(Material for the task Opens)
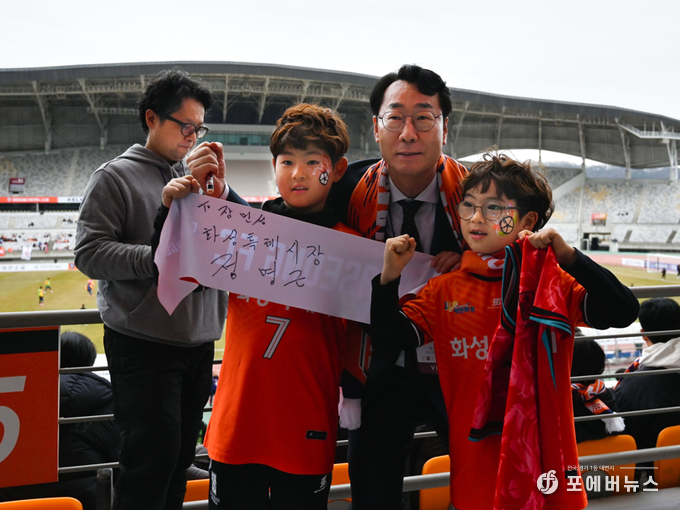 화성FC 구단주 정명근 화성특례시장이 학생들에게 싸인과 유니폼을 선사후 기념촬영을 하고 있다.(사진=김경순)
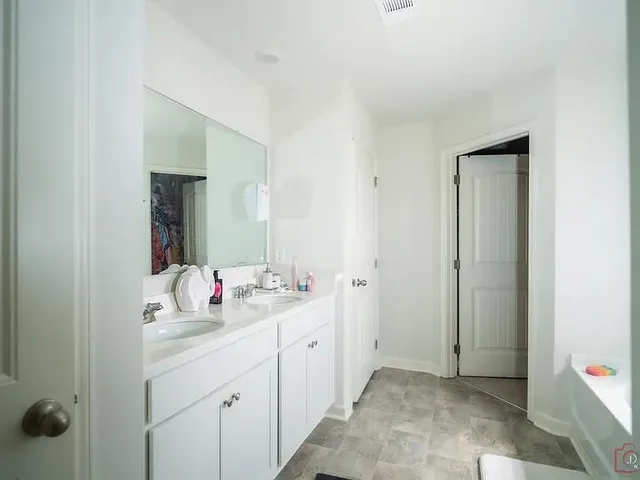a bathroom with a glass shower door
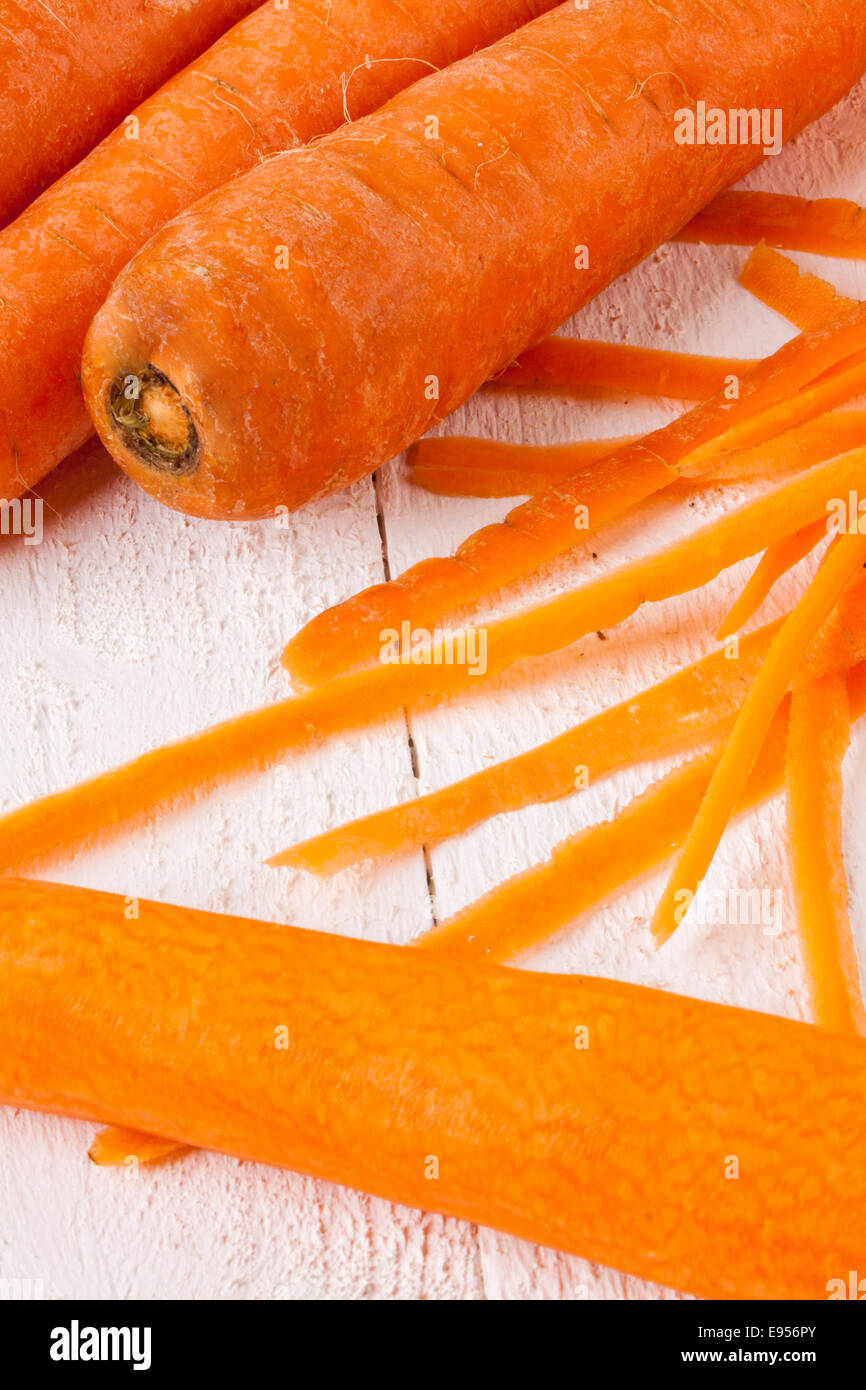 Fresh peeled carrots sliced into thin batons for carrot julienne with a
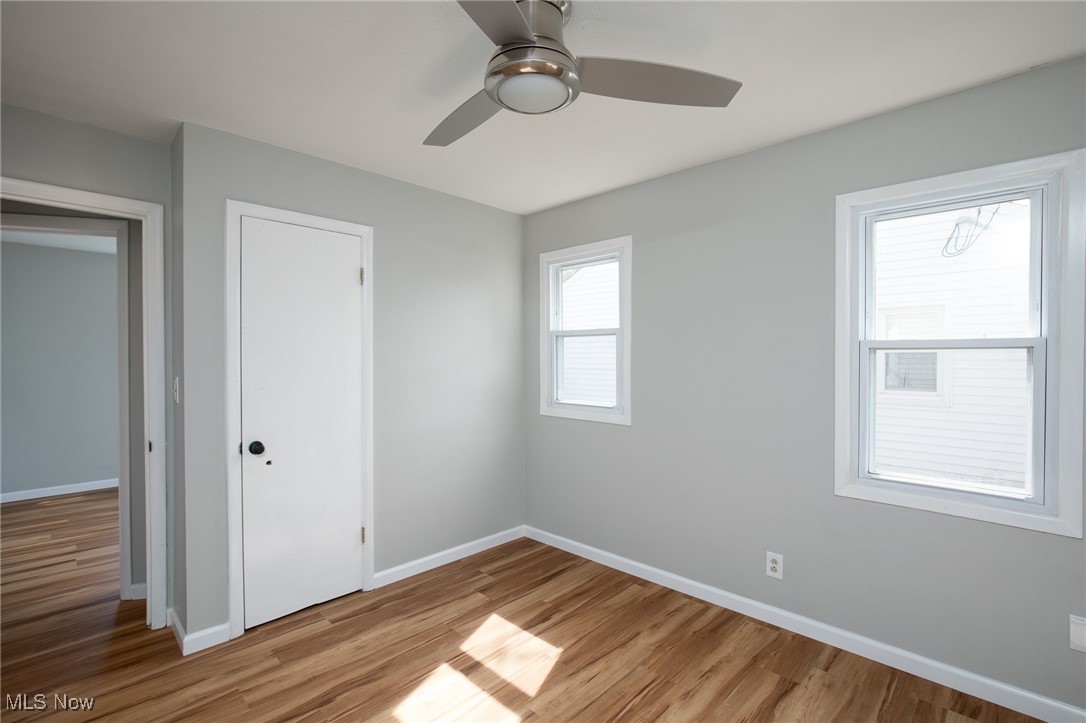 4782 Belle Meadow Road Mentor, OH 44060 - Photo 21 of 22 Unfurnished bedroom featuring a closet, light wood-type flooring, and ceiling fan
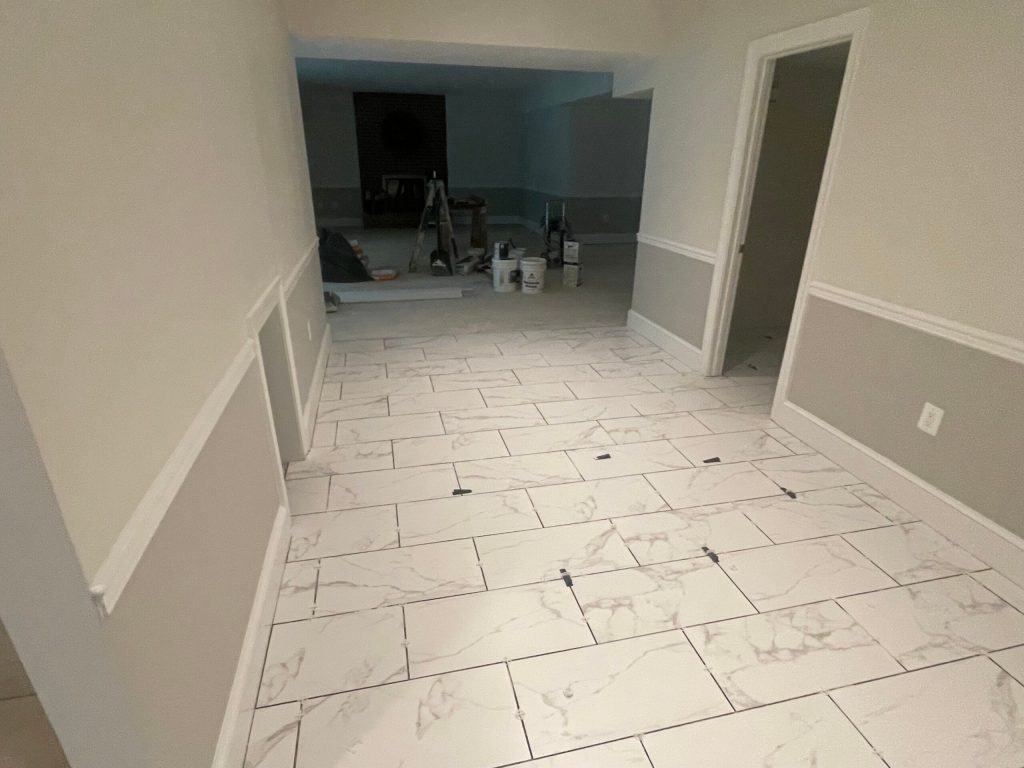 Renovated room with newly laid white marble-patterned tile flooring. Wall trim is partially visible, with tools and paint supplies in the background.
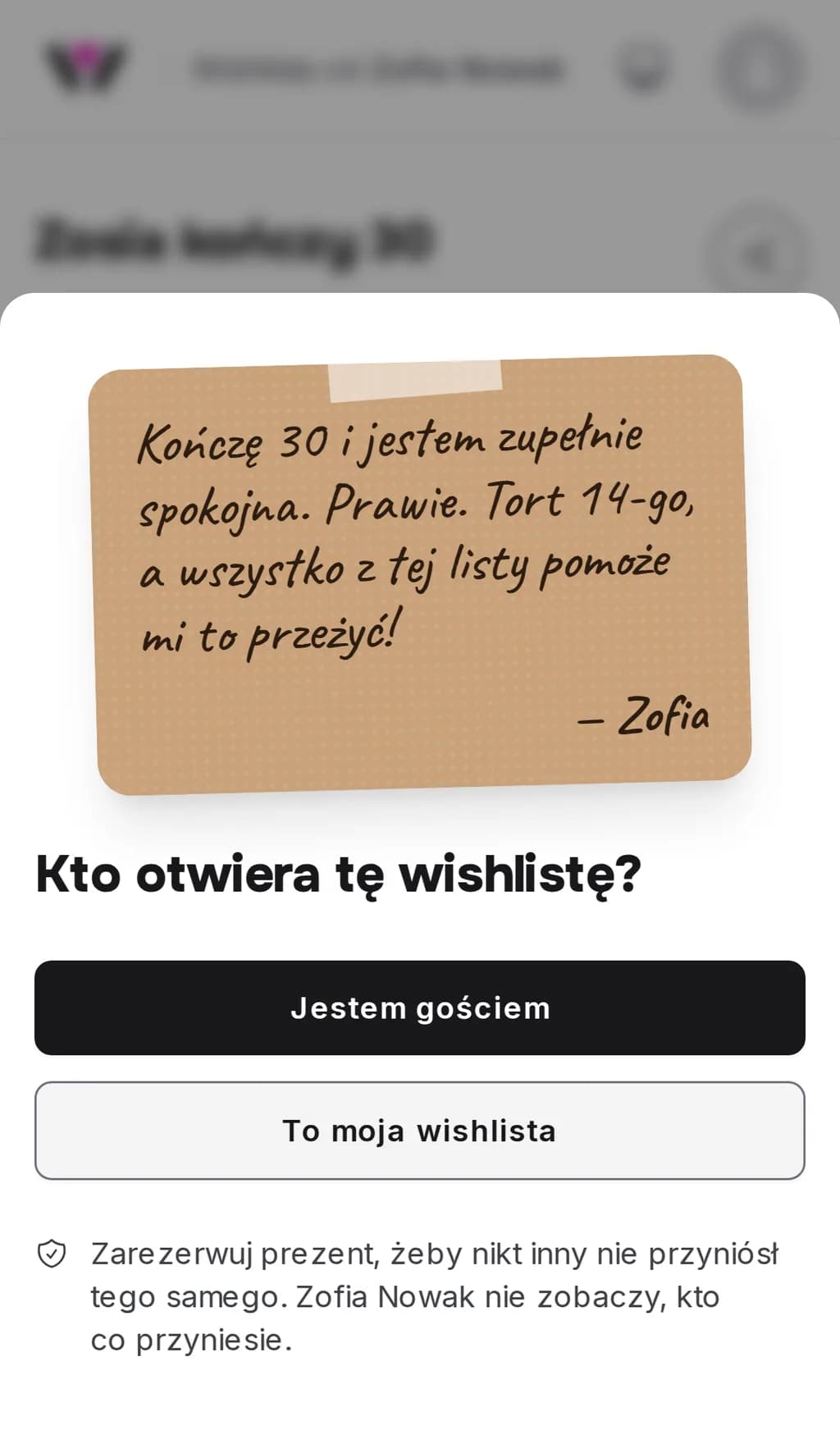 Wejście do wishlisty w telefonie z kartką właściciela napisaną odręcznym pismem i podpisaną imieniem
(Material for the task Closes)
* _Description of the task_
The copy must start at the line containing "Renovated room with" and end at the last line of the data, matching each line exactly. It must hold no pictures.

* _Problem solution_
 Renovated room with newly laid white marble-patterned tile flooring. Wall trim is partially visible, with tools and paint supplies in the background.
 Wejście do wishlisty w telefonie z kartką właściciela napisaną odręcznym pismem i podpisaną imieniem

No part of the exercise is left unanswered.